_The problem:_ What you submit must be an exact copy of the listing below, with no images in it.

* * *

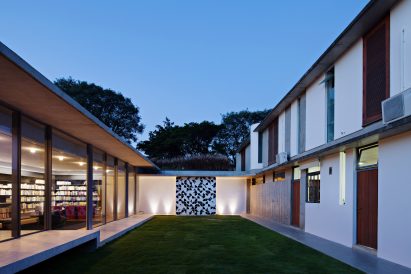 Capobianco House by Kruchin Arquitetura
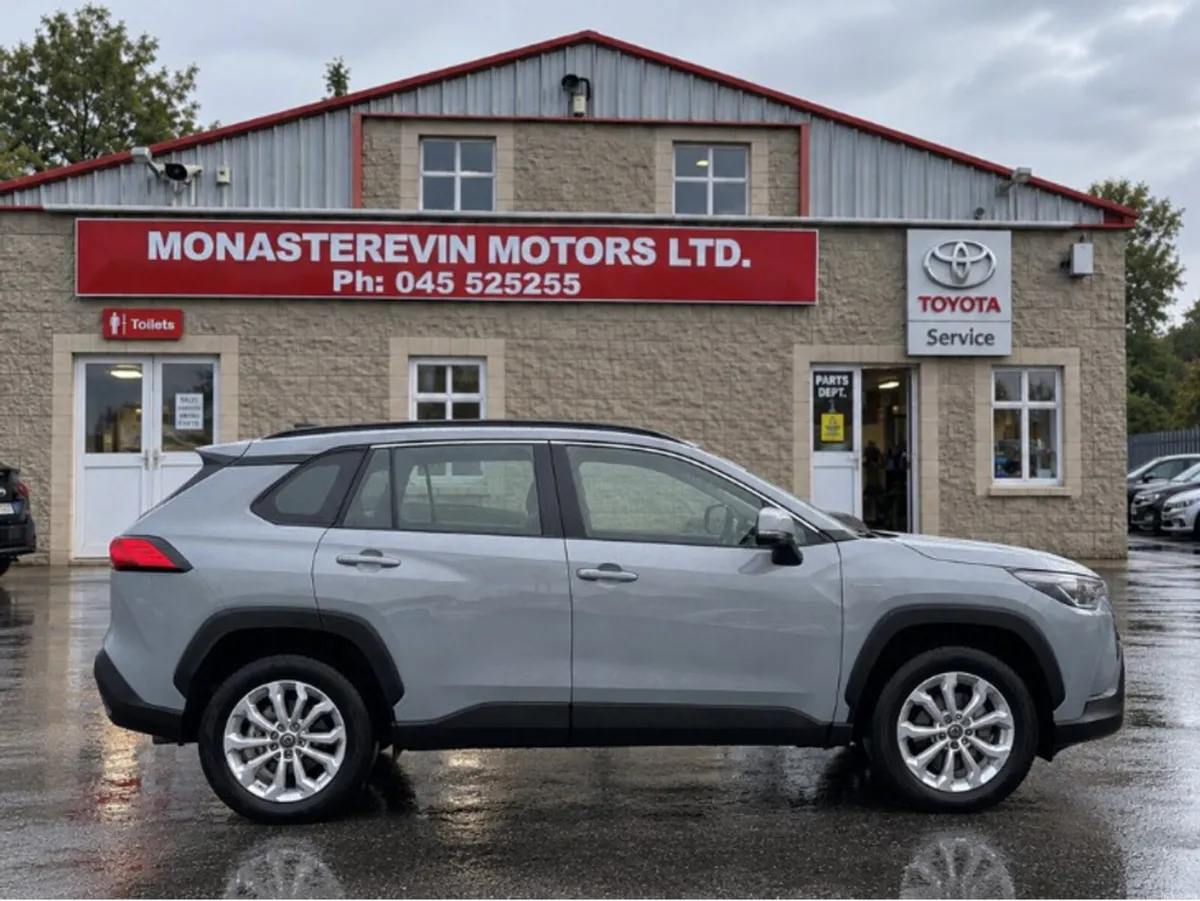 Toyota Corolla Cross 1.8 LUNA - Image 3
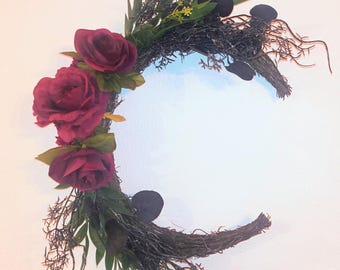 Crescent Moon Wreath with Ruscus | Gothic Floral Door Hanger | Witchy Celestial Wall Decor | Moon Phase Grapevine Wreath | Handmade | Unique
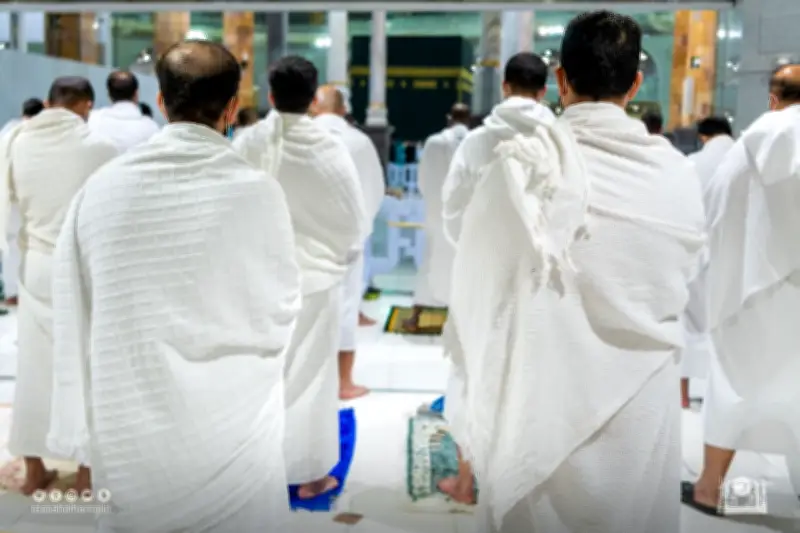 تغطية الرأس من الشمس أثناء الإحرام.. أمين الفتوى يوضح الحكم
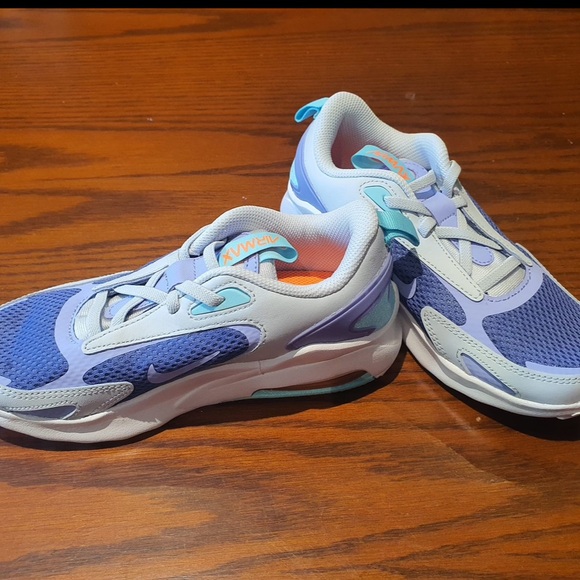 Brand New Nike Toddler Boy Sneakerss - Picture 2 of 7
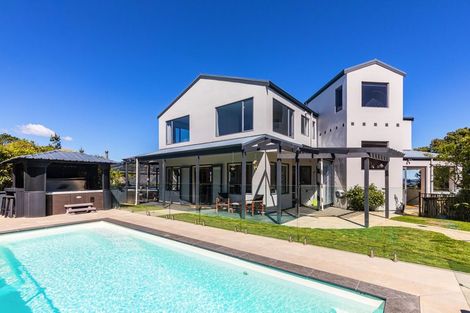 Photo of property in 13 Avonlea Grove, Belmont, Lower Hutt, 5010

* * *

_Your response:_
 Capobianco House by Kruchin Arquitetura
 Toyota Corolla Cross 1.8 LUNA - Image 3
 Crescent Moon Wreath with Ruscus | Gothic Floral Door Hanger | Witchy Celestial Wall Decor | Moon Phase Grapevine Wreath | Handmade | Unique
 تغطية الرأس من الشمس أثناء الإحرام.. أمين الفتوى يوضح الحكم
 Brand New Nike Toddler Boy Sneakerss - Picture 2 of 7
 Photo of property in 13 Avonlea Grove, Belmont, Lower Hutt, 5010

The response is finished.